§ TASK BRIEF:
Would you print out all of the data exactly and keep the pictures out of it?

§ THE DATA:
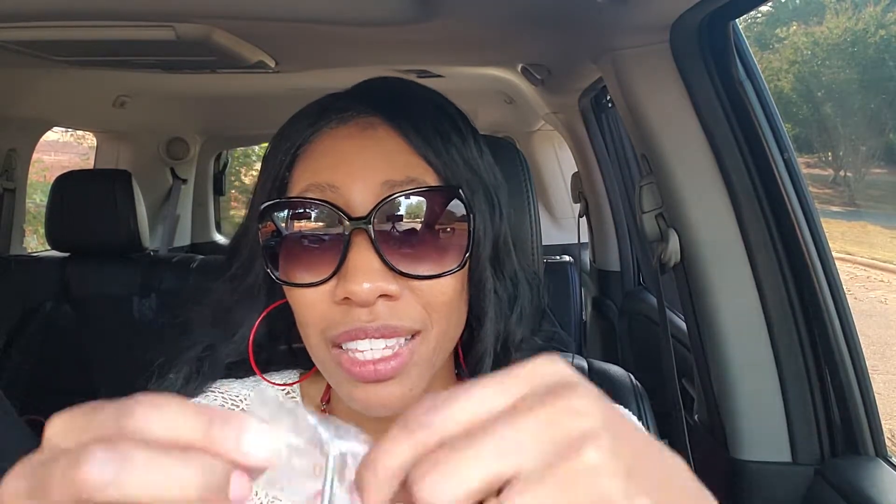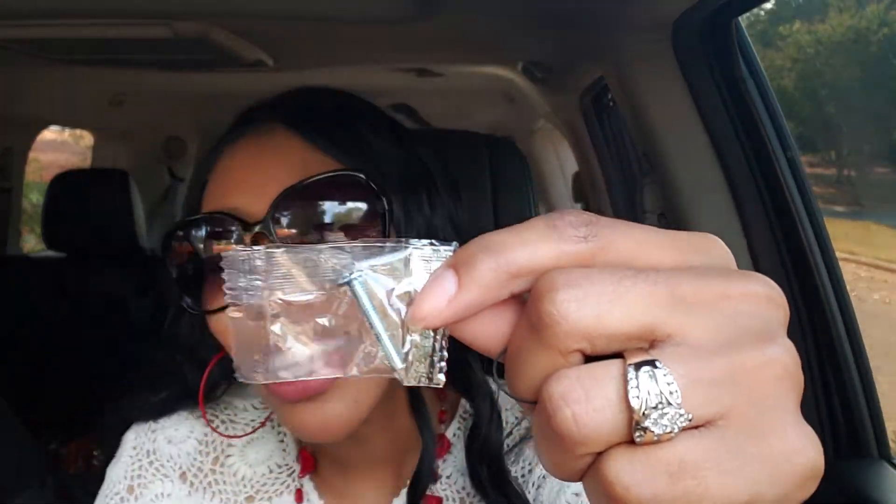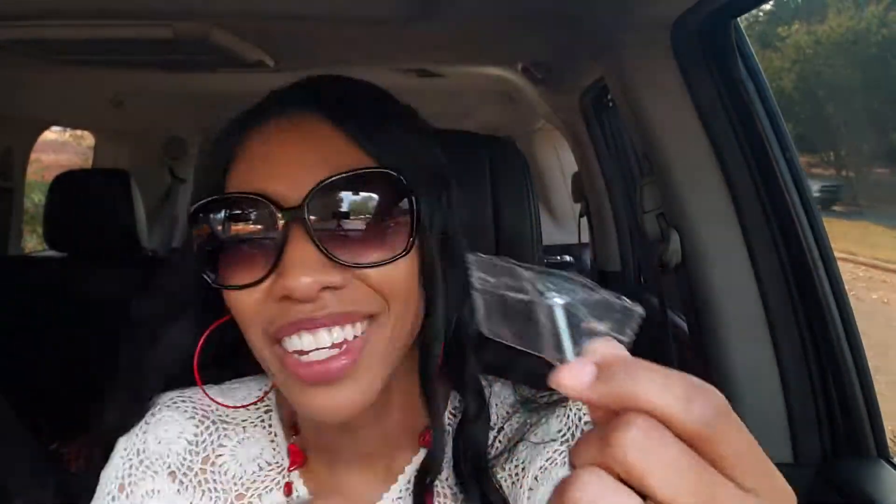Now I want to say this: if you are building on a firm foundation, there are never any extras left over. There are never any extras left over when you're building on a firm foundation. Hence this screw right here — this means there are extras, and there should not be extras. All of us have put something together and said we're professionals so we don't need this. But the person that created this shelf put this screw in here for a reason.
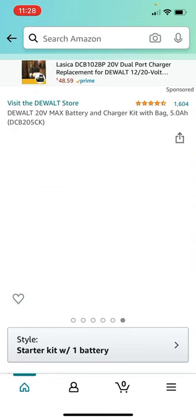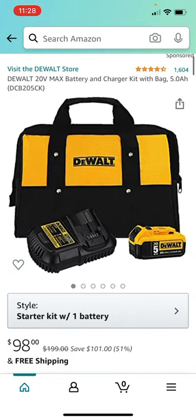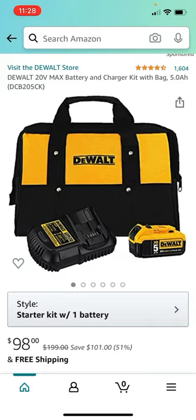The price it's going for here is $98, as you can see — 51% off. Please let me know in the comments if you want me to do a longer video where I show you the best deals on the battery and charger kits that are out there right now. If so, I will make one for you.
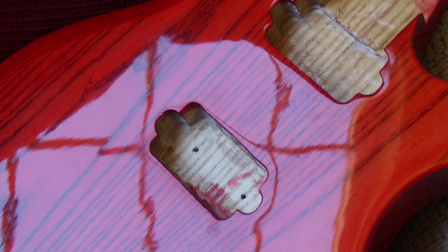Wouldn't it be great if you could apply a super durable, scratch resistant, polyester UV cured finish on an electric guitar without having to use any spray equipment or expensive UV curing systems? Well, with Solar Res Polyester Gloss Resin you can do that, and I'm going to show you how in this video.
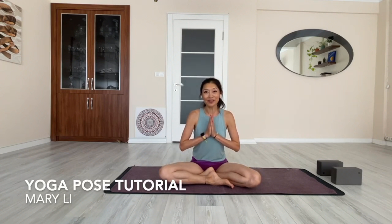Om. Namaste, welcome back to another yoga pose tutorial. Today I'm going to show you what is downward dog and how to practice it.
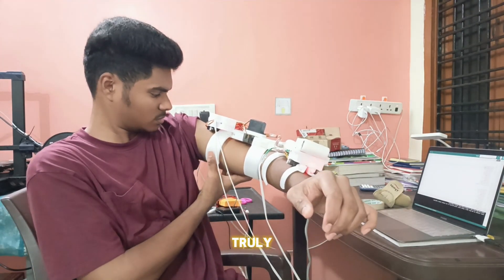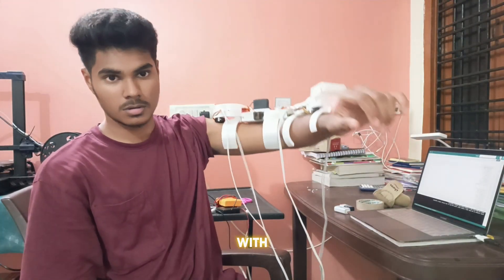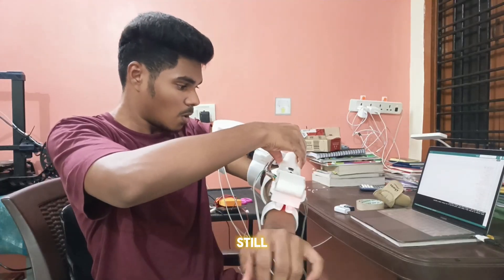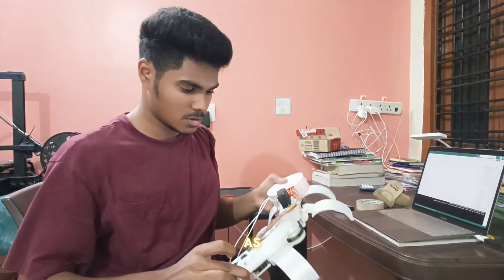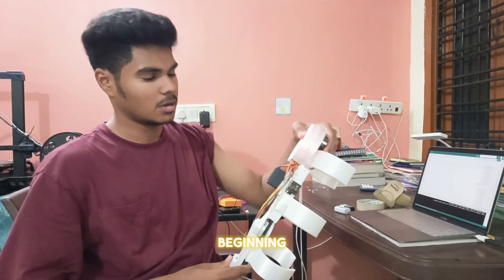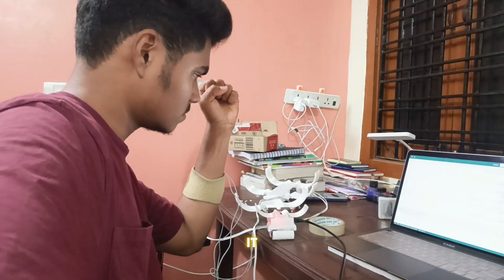Wearing this was truly a wonderful and emotional experience. Feeling it move in sync with intention was something I can't quite describe. However, there is still one challenge — the mechanical movement is a bit stiff as the servo motor is currently too tight. But this is just the beginning. In the future, I am definitely going to work on improving and upgrading it for smoother motion.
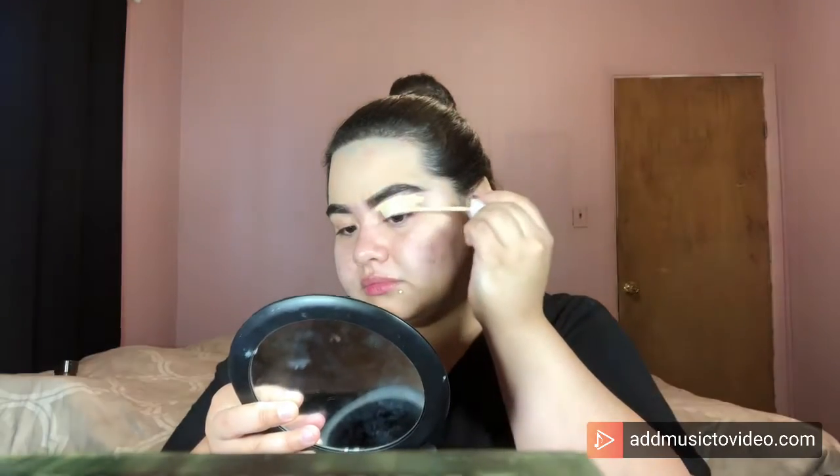After that, I take my ELF Beauty Sponge and blend out the foundation on my forehead. Then I take my concealer — ColourPop No Filter Concealer in the shade Light 16 — as eyeshadow base, and to carve out my eyebrows with a round flat eye brush. Then I take the sponge again to blend everything together and make sure everything is nice and smooth on the eyelids.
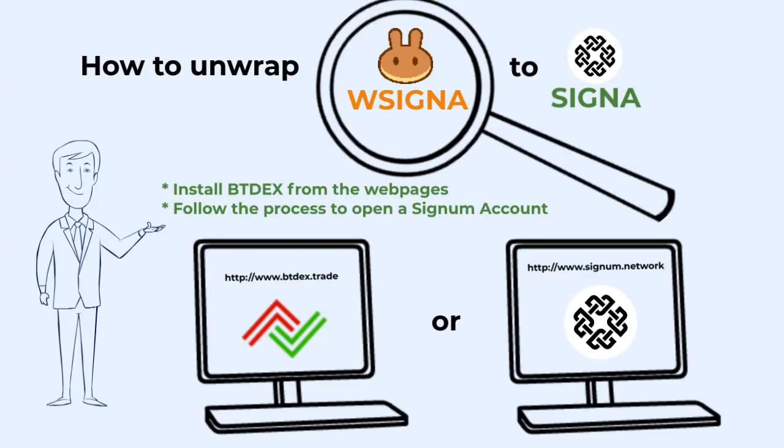Follow the BTdex instructions to create a new Cygnum account. You can also import an existing Cygnum account if you have one.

§ WRITTEN RESPONSE:
Now I want to say this: if you are building on a firm foundation, there are never any extras left over. There are never any extras left over when you're building on a firm foundation. Hence this screw right here — this means there are extras, and there should not be extras. All of us have put something together and said we're professionals so we don't need this. But the person that created this shelf put this screw in here for a reason.
The price it's going for here is $98, as you can see — 51% off. Please let me know in the comments if you want me to do a longer video where I show you the best deals on the battery and charger kits that are out there right now. If so, I will make one for you.
Wouldn't it be great if you could apply a super durable, scratch resistant, polyester UV cured finish on an electric guitar without having to use any spray equipment or expensive UV curing systems? Well, with Solar Res Polyester Gloss Resin you can do that, and I'm going to show you how in this video.
Om. Namaste, welcome back to another yoga pose tutorial. Today I'm going to show you what is downward dog and how to practice it.
Wearing this was truly a wonderful and emotional experience. Feeling it move in sync with intention was something I can't quite describe. However, there is still one challenge — the mechanical movement is a bit stiff as the servo motor is currently too tight. But this is just the beginning. In the future, I am definitely going to work on improving and upgrading it for smoother motion.
After that, I take my ELF Beauty Sponge and blend out the foundation on my forehead. Then I take my concealer — ColourPop No Filter Concealer in the shade Light 16 — as eyeshadow base, and to carve out my eyebrows with a round flat eye brush. Then I take the sponge again to blend everything together and make sure everything is nice and smooth on the eyelids.
Follow the BTdex instructions to create a new Cygnum account. You can also import an existing Cygnum account if you have one.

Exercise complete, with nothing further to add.